Has anyone ever devised a way to do this?
 
Hi Peter
There was no evidence of any sufrace rust let alone anything serious on the rear wheel arches for Connie. All of the insides around the wheel arches and louvres (and engine bay in general) have a good coating of sealer (from new by the look of it).
Even being over zealous with the hose pipe when cleaning Connie produced very little water on the inside of the engine bay/rear arches.

From what I remember there weren't any drain holes either - could be blocked by the sealer of course.

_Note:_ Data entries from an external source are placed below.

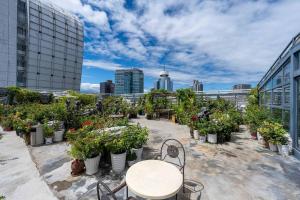 a table and chairs on a balcony with potted plants at Beijing AC Art Museum Hotel in Beijing +37 photos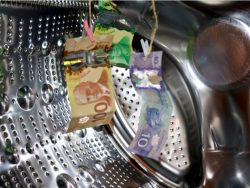 Money hanging in a washing machine, laundering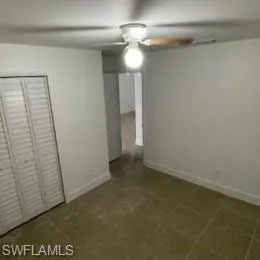 Unfurnished bedroom with a closet and a ceiling fan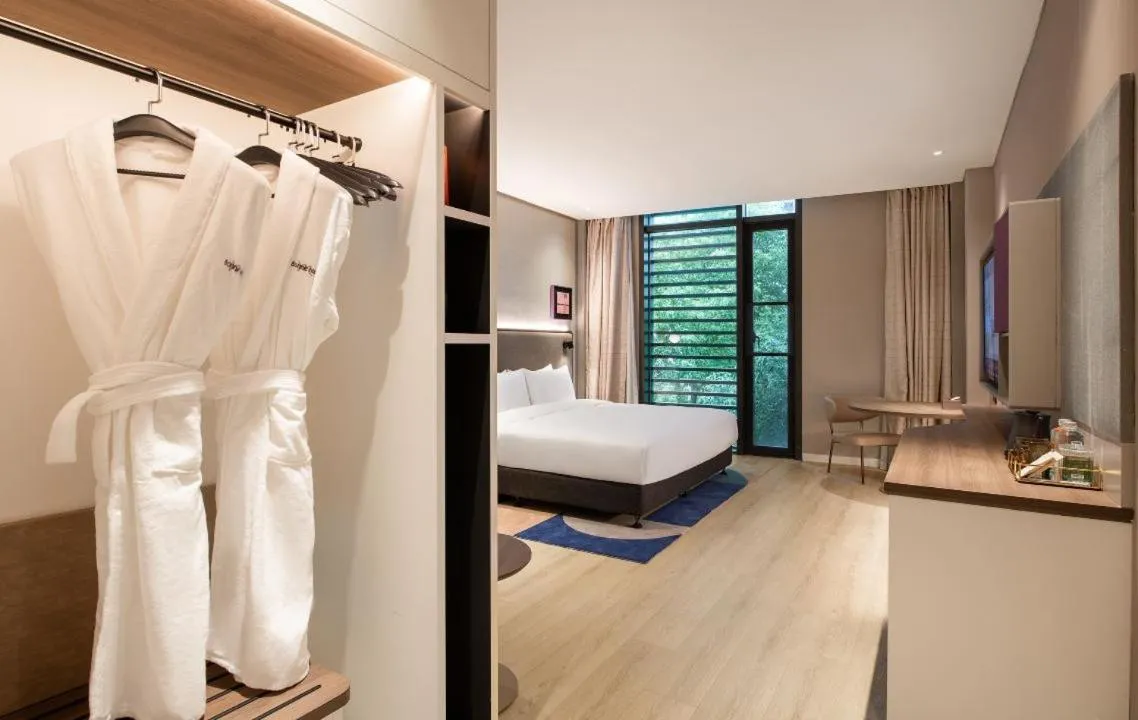 Bed in Mecure Hotel Nantong Central Business District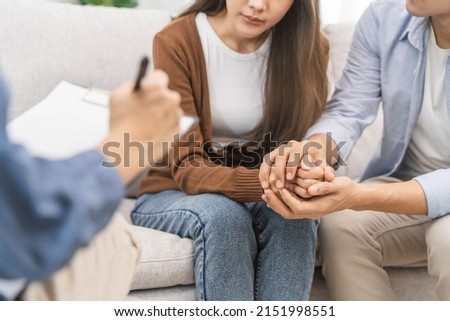 Psychology, depression asian young couple, patient consulting problem mental health with psychologist, psychiatrist at clinic together, husband encouraging by holding hand of wife, therapy health care Royalty-Free Stock Photo #2151998551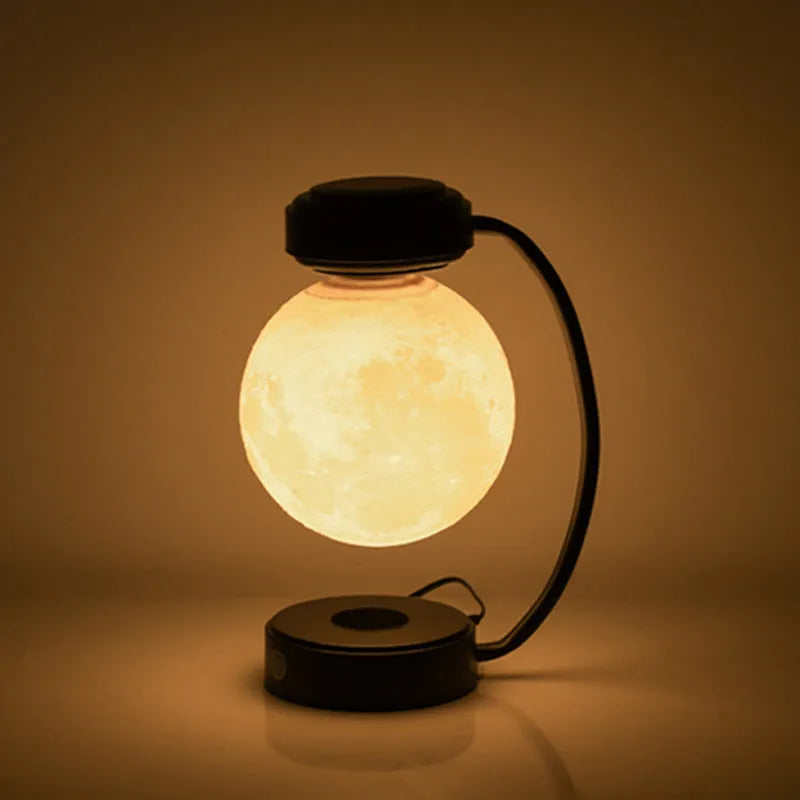 Black magnetic levitation moon lamp floating above base with touch control and colour-changing LED lights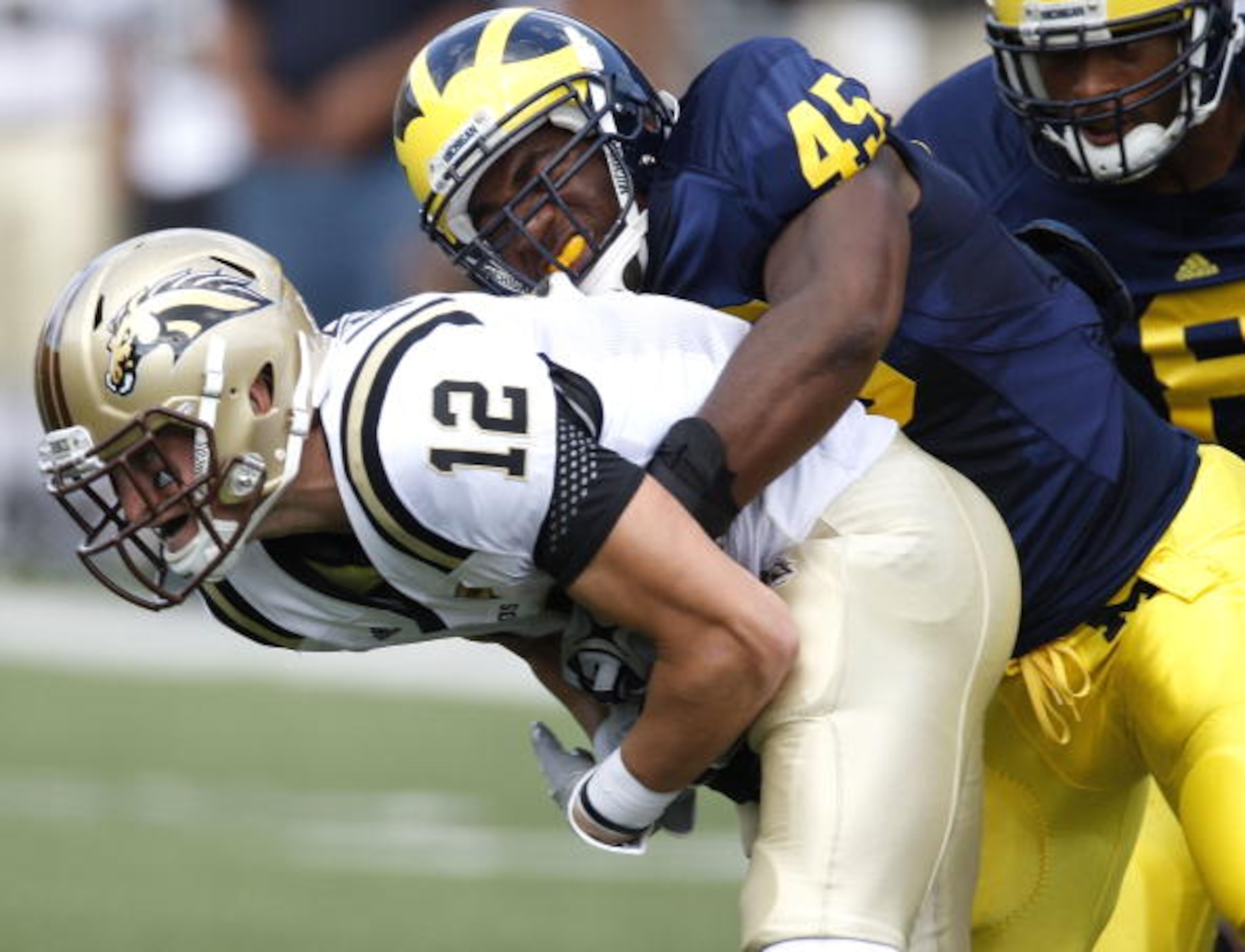 ANN ARBOR, MI - SEPTEMBER 5: Obi Ezeh #45 of the Michigan Wolverines tackles Robert Arnheim #12 of the Western Michigan Broncos during the game on September 5, 2009 at Michigan Stadium in Ann Arbor, Michigan. (Photo by Gregory Shamus/Getty Images) ANN ARBOR, MI - SEPTEMBER 5: Obi Ezeh #45 of the Michigan Wolverines tackles Robert Arnheim #12 of the Western Michigan Broncos during the game on September 5, 2009 at Michigan Stadium in Ann Arbor, Michigan. (Photo by Gregory Shamus/Getty Images)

As part of Connie's restoration I'm simply going to make sure that all the sealer/underseal is in good order. The Ziebart rustproofing appears to show that if you use good quality it lasts and I intend to follow the same principles.
 
Thanks for that Gary; perhaps I am barking up the wrong tree. I think the water might have seeped down from the corner of the roof on this really bad side.
I move on to the passenger side next week so I'll see how it compares.
There is no doubt that I will be using lots of polyurethane sealant and and litres of wax in the hollow sections.
 
Water getting in is not a problem. It is if it can't get out again it becomes a problem

Good point, but when you look at how that inner arch meets with the outer it seems very unlikely that the flange can ever be completely dry once wet.
I will be using lots of PU sealant and seeing if there's any way to make drainage holes.
 
I have been restoring my 1945 Austin. It has to live outside due to garage limitations. The rain gets in the doors etc so precautions..

Take door cards off. Thoroughly wash and dry doors. The dust and dirt hold water like a sponge. Spraying fisholene or similar will help as it gets into the seams. The thicker body sealer goes on flat surfaces and where you need stone protection. In the hidden parts I use a grease like rustproofing from Caltex. Mix with turpentine and use a cleaning sprayer to blast down chassis box sections etc. Forms a waxy film that doesn't harden or crack.

So different products for different areas. Just be careful sealant doesn't trap water or it will do more harm than good.